Question

determining the formation of a tin nitride compound
experiment introduction
an undergraduate student designed an experiment to determine
the reaction occurring when tin is heated with excess nitrogen
gas.

as a transition metal, tin has the potential to form more than
one possible charge. this allows it to form more than one
compound with nitrogen.

which of the following are the potential products of tin combining with
nitrogen?

sn₄n₃ and sn₂n₄
sn₃n₂ and sn₃n₄
sn₂n₃ and sn₄n₃

Explanation:

To solve this, we analyze the possible charges of tin (a transition metal, can have multiple oxidation states) and nitrogen (usually -3 in nitrides).
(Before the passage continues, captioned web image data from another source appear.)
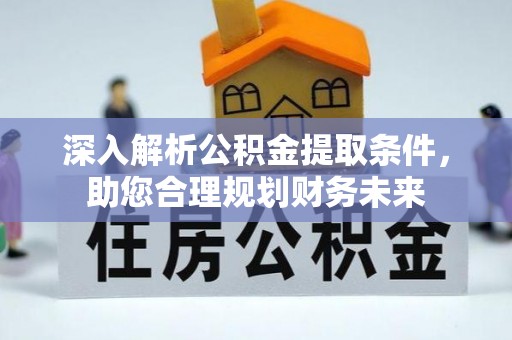 禄劝深入解析公积金提取条件，助您合理规划财务未来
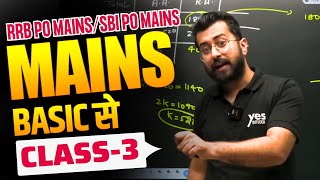 Mains Preparation  Basic to Pro  Class 03  RRB PO MAINS SBI PO IBPS PO MAINS  Aashish Arora [upl. by Etyak441]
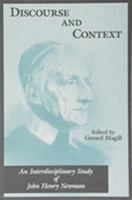 Discourse and Context: An Interdisciplinary Study of John Henry Newman 0809318369 Book Cover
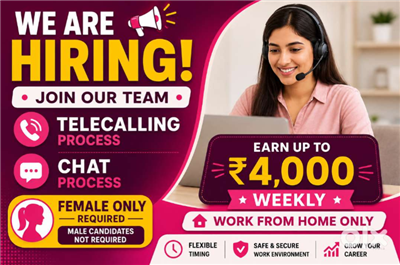 Female Candidate Required – Chat Process & Calling Work
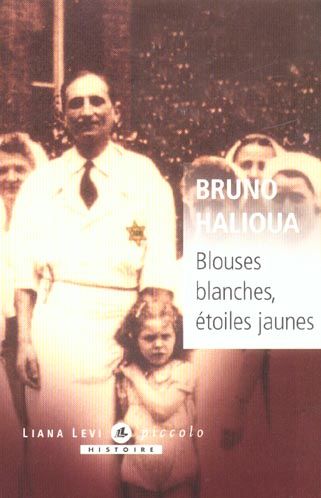 Emprunter Blouses blanches, étoiles jaunes livre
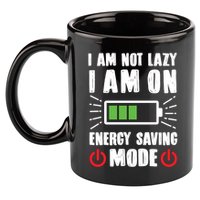 I Am Not Lazy I Am On Energy Saving Mode Funny 11oz C Handle Ceramic Mug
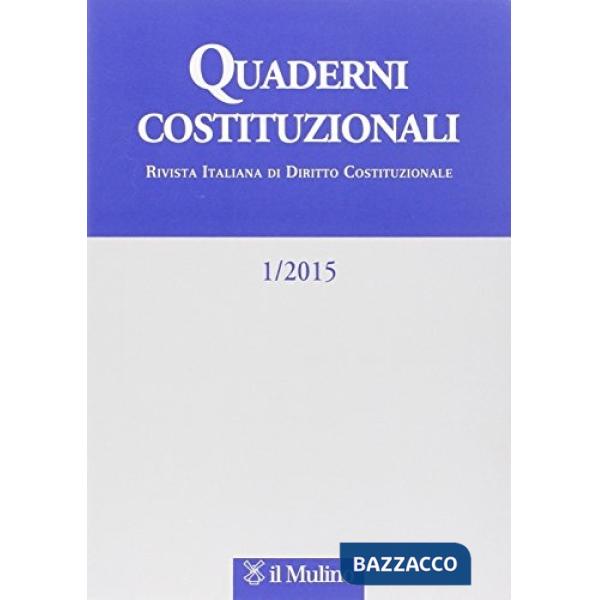 Quaderni costituzionali (2015). Vol. 1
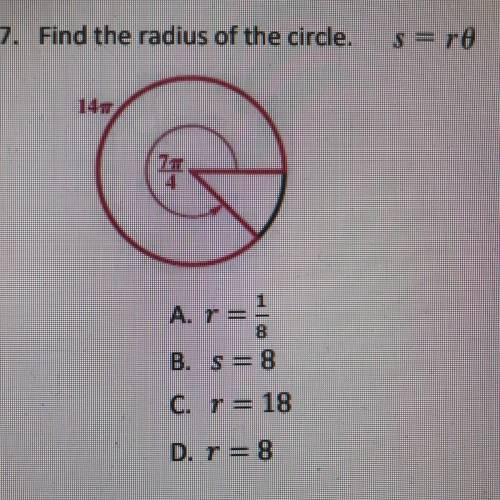 17. Find the radius of the circle.

s=re
71
I
A. r=1
8
B. s= 8
C. r= 18
D. r= 8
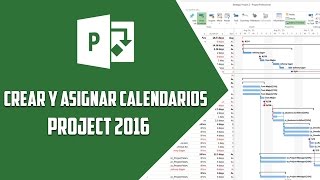 Project 2016– Crear y asignar calendarios  Video 4 [upl. by Yelad]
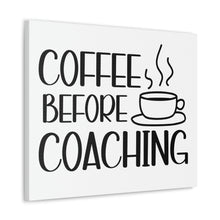 Load image into Gallery viewer, "Coffee Before Coaching" Classic Canvas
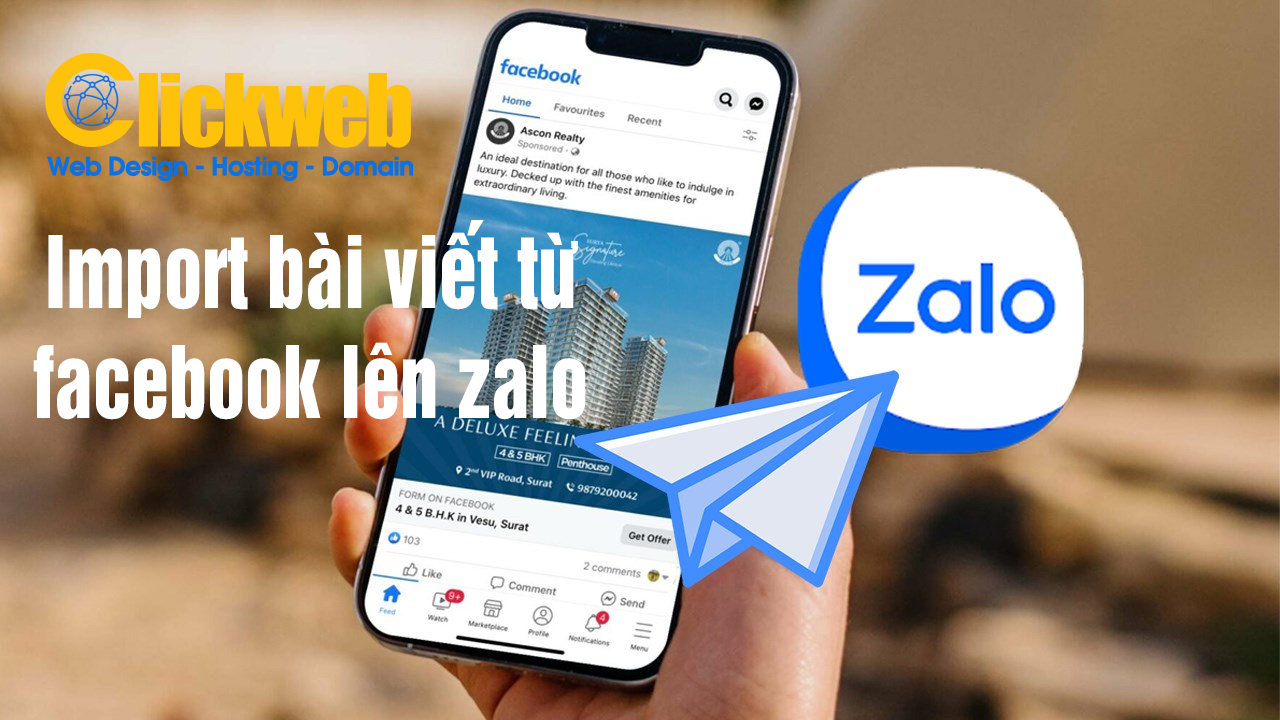 Hướng dẫn tải bài đăng từ Facebook import lên Zalo chi tiết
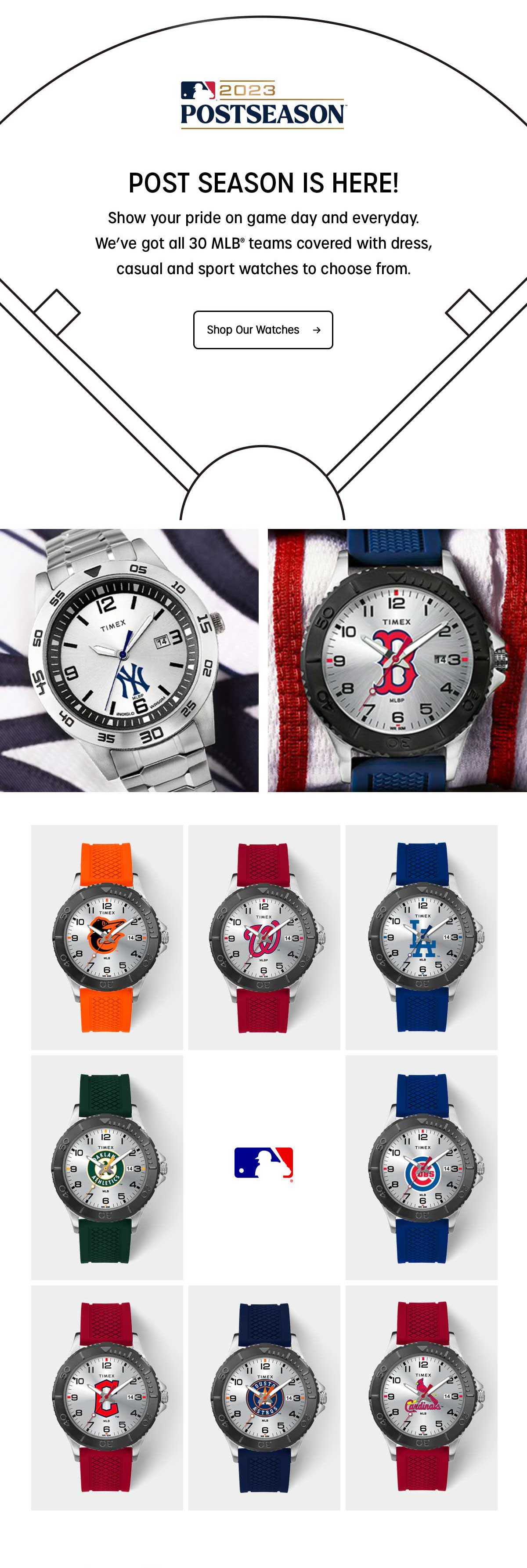 2023 POSTSEASON | POST SEASON IS HERE! Show your pride on game day and everyday. We’ve got all 30 MLB teams covered with dress, casual and sport watches to choose from. | Shop Our Watches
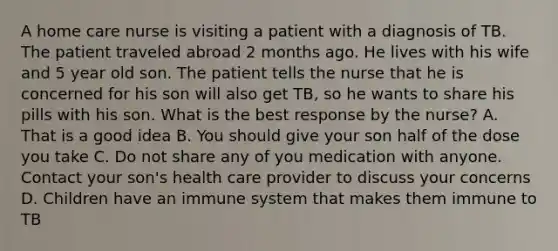 A home care nurse is visiting a patient with a diagnosis of TB. The patient traveled abroad 2 months ago. He lives with his wife and 5 year old son. The patient tells the nurse that he is concerned for his son will also get TB, so he wants to share his pills with his son. What is the best response by the nurse? A. That is a good idea B. You should give your son half of the dose you take C. Do not share any of you medication with anyone. Contact your son's health care provider to discuss your concerns D. Children have an immune system that makes them immune to TB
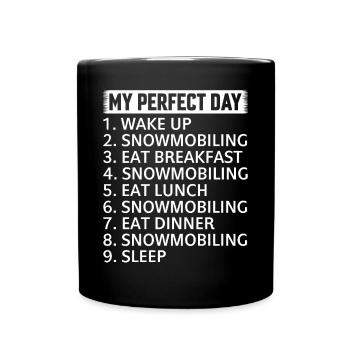 My Perfect Day - Snowmobiling Day Plan Snowmobile - Tasse einfarbig - Schwarz - Vorne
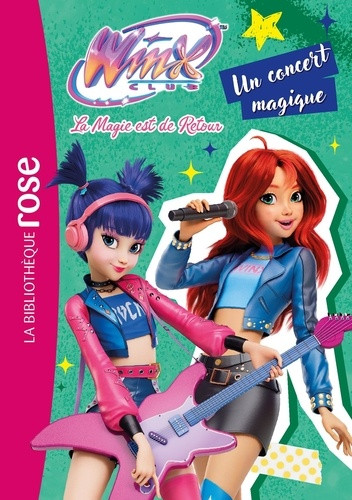 Winx Club : La magie est de retour, Tome 08 - Un concert magique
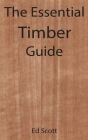 The Essential Timber Guide By Ed Scott Cover Image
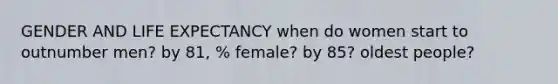 GENDER AND LIFE EXPECTANCY when do women start to outnumber men? by 81, % female? by 85? oldest people?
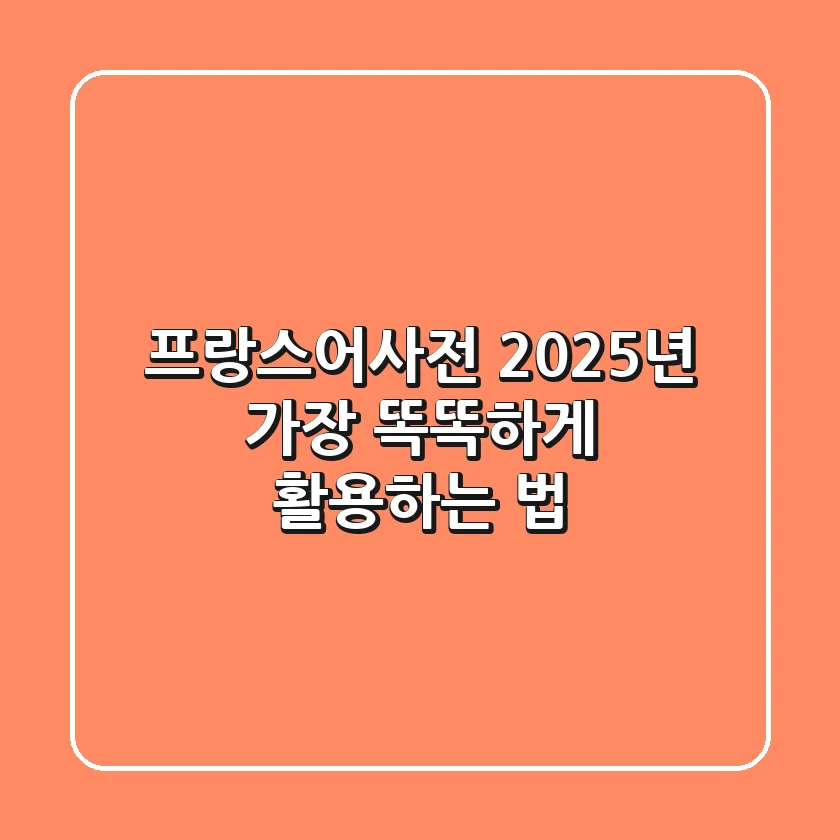 프랑스어사전, 2025년 가장 똑똑하게 활용하는 법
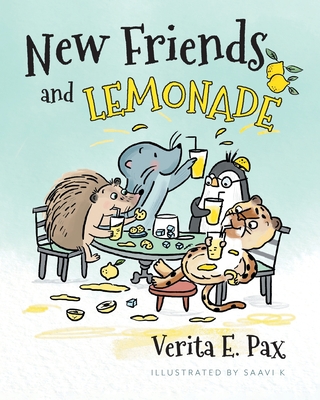 New Friends and Lemonade - Verita E. Pax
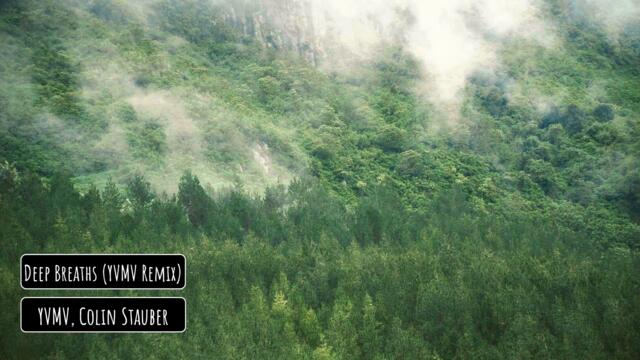 YVMV, Colin Stauber - Deep Breaths (YVMV Remix)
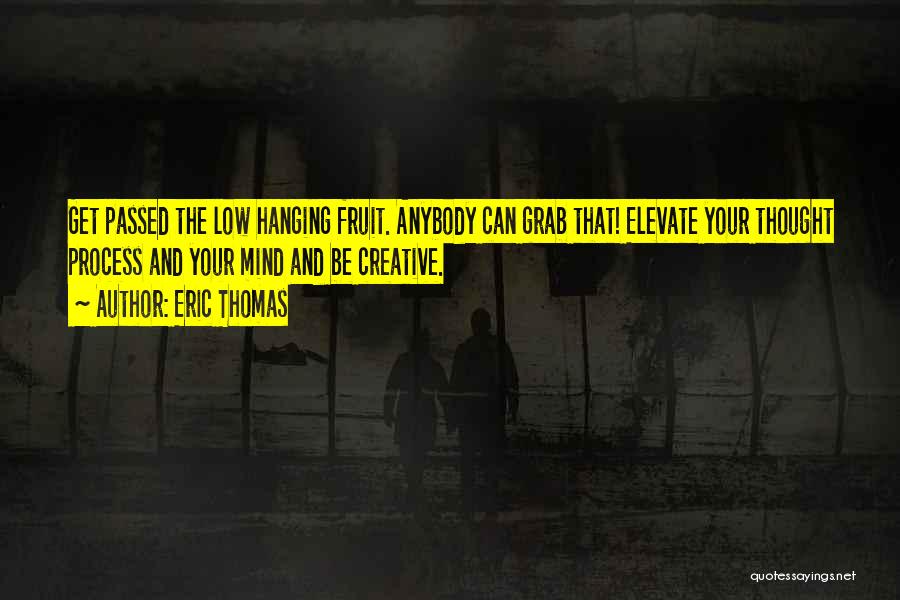 Low Hanging Fruit Quotes By Eric Thomas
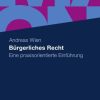 Bürgerliches Recht: Eine praxisorientierte Einführung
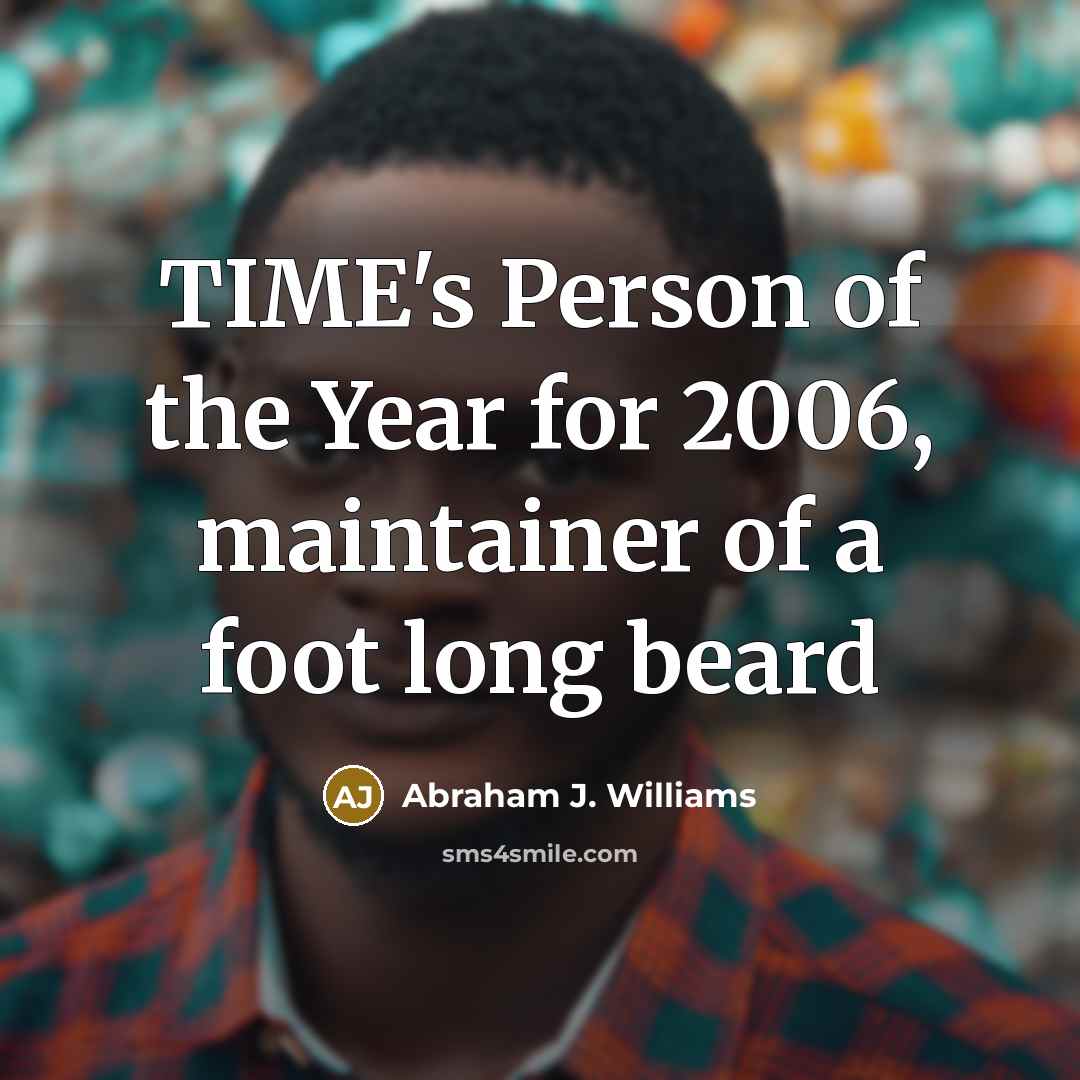 “TIME's Person of the Year for 2006, maintainer of a…” quote by Abraham J. Williams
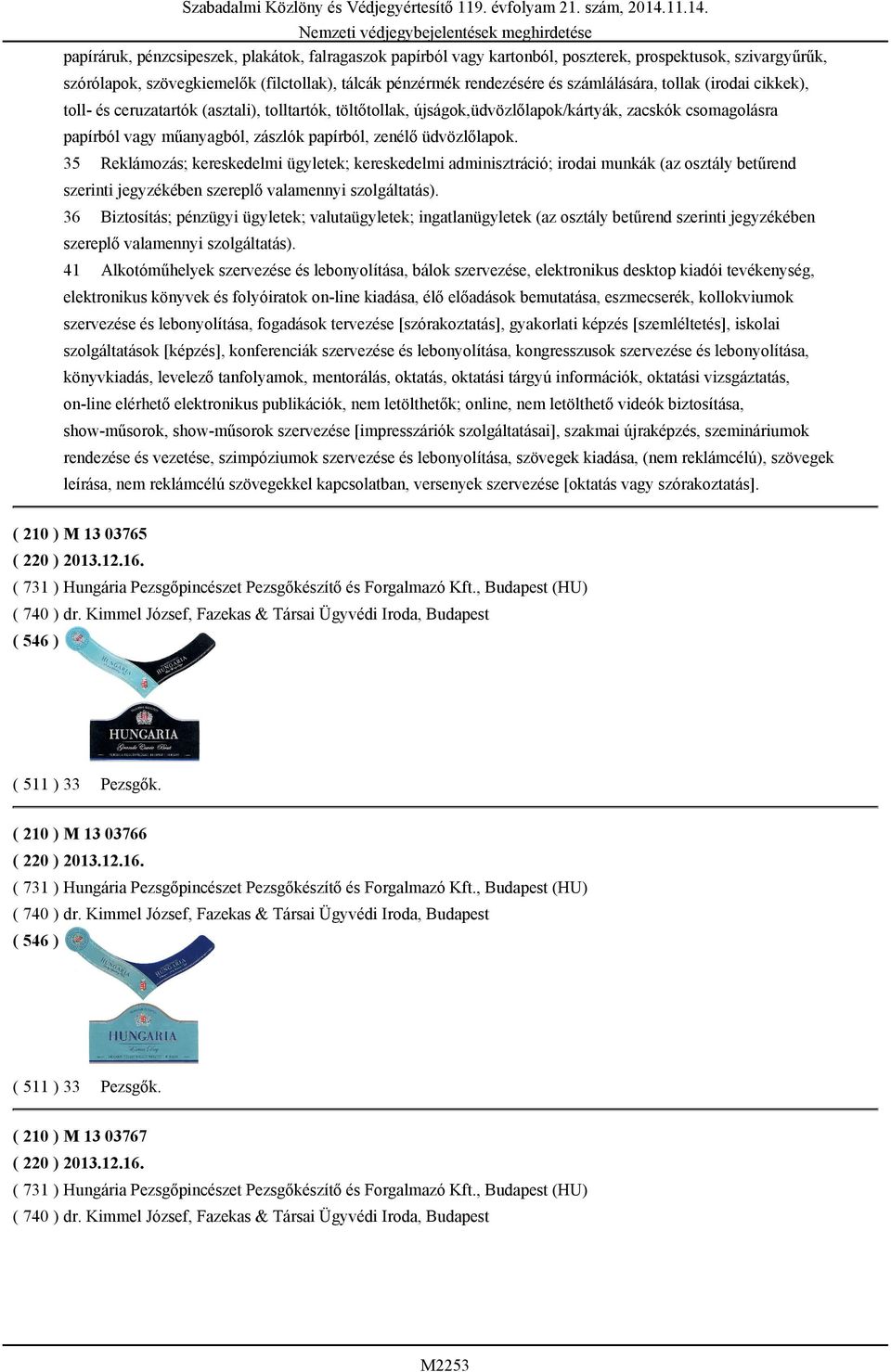 35 Reklámozás; kereskedelmi ügyletek; kereskedelmi adminisztráció; irodai munkák (az osztály betűrend szerinti 36 Biztosítás; pénzügyi ügyletek; valutaügyletek; ingatlanügyletek (az osztály betűrend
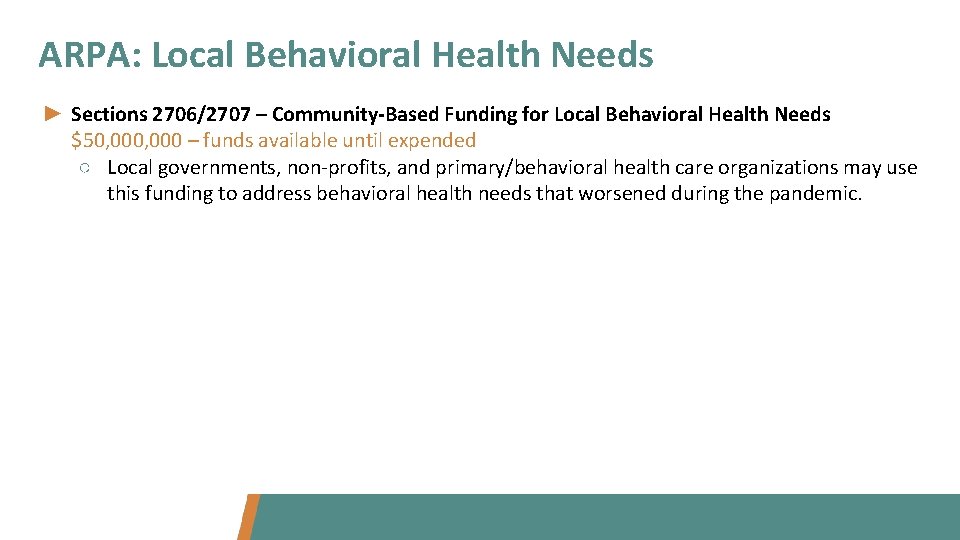 ARPA: Local Behavioral Health Needs ► Sections 2706/2707 – Community-Based Funding for Local Behavioral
Step 1: Recall Nitrogen's Charge

Nitrogen in nitrides typically has an oxidation state of \(-3\) (since it gains 3 electrons to achieve a stable octet).

Step 2: Analyze Tin's Possible Charges

Tin (Sn) can have common oxidation states like \(+2\) (stannous) and \(+4\) (stannic). We use the rule that the sum of oxidation states in a neutral compound is zero.

For \( \text{Sn}_2\text{N}_3 \):

Let \( x \) be Sn’s oxidation state.
\( 2x + 3(-3) = 0 \)
\( 2x - 9 = 0 \)
\( 2x = 9 \) → Not an integer (invalid, since oxidation states are integers for main groups/transition metals in simple compounds). Wait, correction: Nitrogen is \(-3\), so let's re - calculate for each option:

Option 1: \( \text{Sn}_4\text{N}_3 \) and \( \text{Sn}_2\text{N}_4 \)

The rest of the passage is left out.